Before I go into Tilson's reasons for the short, I feel the need, once again, to ask for Craig Barrett's views on this. Barrett, Gov. Brewer's spokesman on education, president and chairman of BASIS charter schools, one of the prime movers behind the Common Core and rich, savvy ex-CEO of Intel, is also one of 10 members of the K12 Inc. Board. While he talks in public and to the press regularly, he has never, so far as I know, talked about K12 Inc. or its Arizona Virtual Academy for the record. Yet K12 Inc.'s Arizona school alone enrolls over 4,000 students, which is similar to the number of students enrolled in all Arizona BASIS charters combined — and that's only in Arizona. Certainly the subject deserves a mention from a high profile educational spokesman like Barrett.

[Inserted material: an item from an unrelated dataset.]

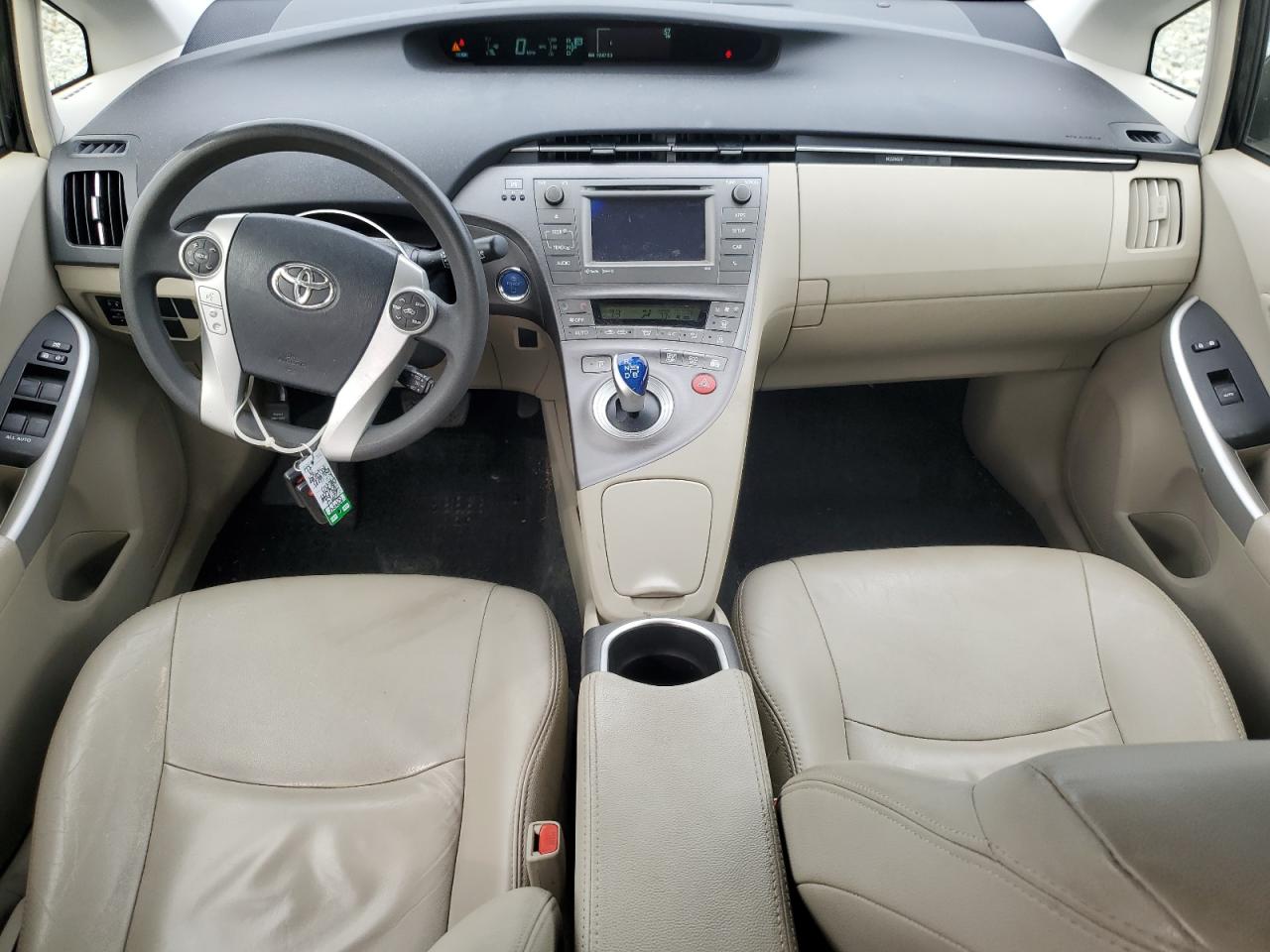 2014 Toyota Prius VIN: JTDKN3DU5E1831701 Lot: 84895825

Tilson goes into his reasons for shorting K12 Inc. at some length. They are based both on recent earnings and what he sees as an untenable educational model. He notes that "year-over-year revenue growth – critical for a stock trading at nearly 50x earnings – has been falling sharply over the past two years, and is projected to fall further in the next year (to 16%)."

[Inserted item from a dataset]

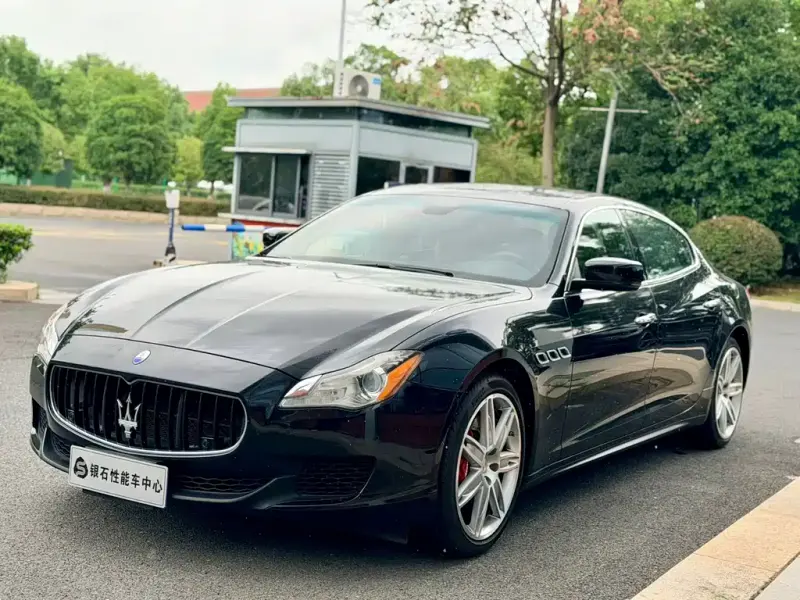 Maserati Quattroporte, 2014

He says that, while there are a small number of students who are well suited to the virtual school model, K12 Inc. needs lots of students, which means aggressive recruiting for students, most of whom are a bad fit. "Since going public in late 2007, numerous former employees have told me that K12 has adopted a growth-at-any cost mentality in order to support its richly priced stock."

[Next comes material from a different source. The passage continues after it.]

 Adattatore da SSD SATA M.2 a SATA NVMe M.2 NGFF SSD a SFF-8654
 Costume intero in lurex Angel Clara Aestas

Most cynically, K12 Inc. goes after at risk students who are probably the least likely group to be self motivated enough to work on their own. He quotes a Columbia University Teachers College prof: "K12’s phone banks have figured out a way to target dropouts and special ed kids. They will sign up anyone – as long as that warm body signs in periodically, K12 can draw enrollment money from the district."

K12 Inc. spends far less on teacher and administrative salaries per student than brick-and-mortar schools. "In light of such low spending, it’s not surprising that many teachers report excessive class sizes and feeling harried, overworked and unsupported."

And of course, all these factors lead to what Tilson calls "horrific educational outcomes."

The condemnations continue. Tilson and his people are fierce, unrelenting researchers, and they've put together a thorough piece condemning K12 Inc.'s practices and questioning the viability of its educational and financial models. Tilson says he's a supporter of charter schools and other "new models of education, whether for profit or nonprofit, as long as they work for kids." He just thinks K12 Inc. doesn't work.

Mr. Barrett, any thoughts you'd like to share? Journalists, do any of you want to ask Barrett to share his thoughts?

UPDATE: K12 Inc. CEO Ron Packard "unloaded 18,000 shares of K12 stock in a transaction that occurred on Wednesday, September 18th." That still leaves him with 219,709 shares, so it's not like he's dumping his holdings. The stock is reasonably high right now, so maybe he's just cashing in — though it's lost some value over the past 10 days. Maybe Packard agrees with Tilson that the stock is about to fall and is planning to sell it off bit by bit off before it loses value. Lots of analysts, unlike Tilson, are giving it an "outperform" and "Buy" rating. But that's what makes horse racing and stock trading.

One response to “Would Craig Barrett buy K12 Inc. stock (or enroll his child in one of their virtual schools)?

  1. So the business model needs year over year growth to sustain its stock price? Then it makes sense that a few years ago then-Gov. Jeb Bush proposed a law requiring all high school students to take at least one online course before graduating. That would be a huge boost to an online school. Floridians weren’t having it and it went down.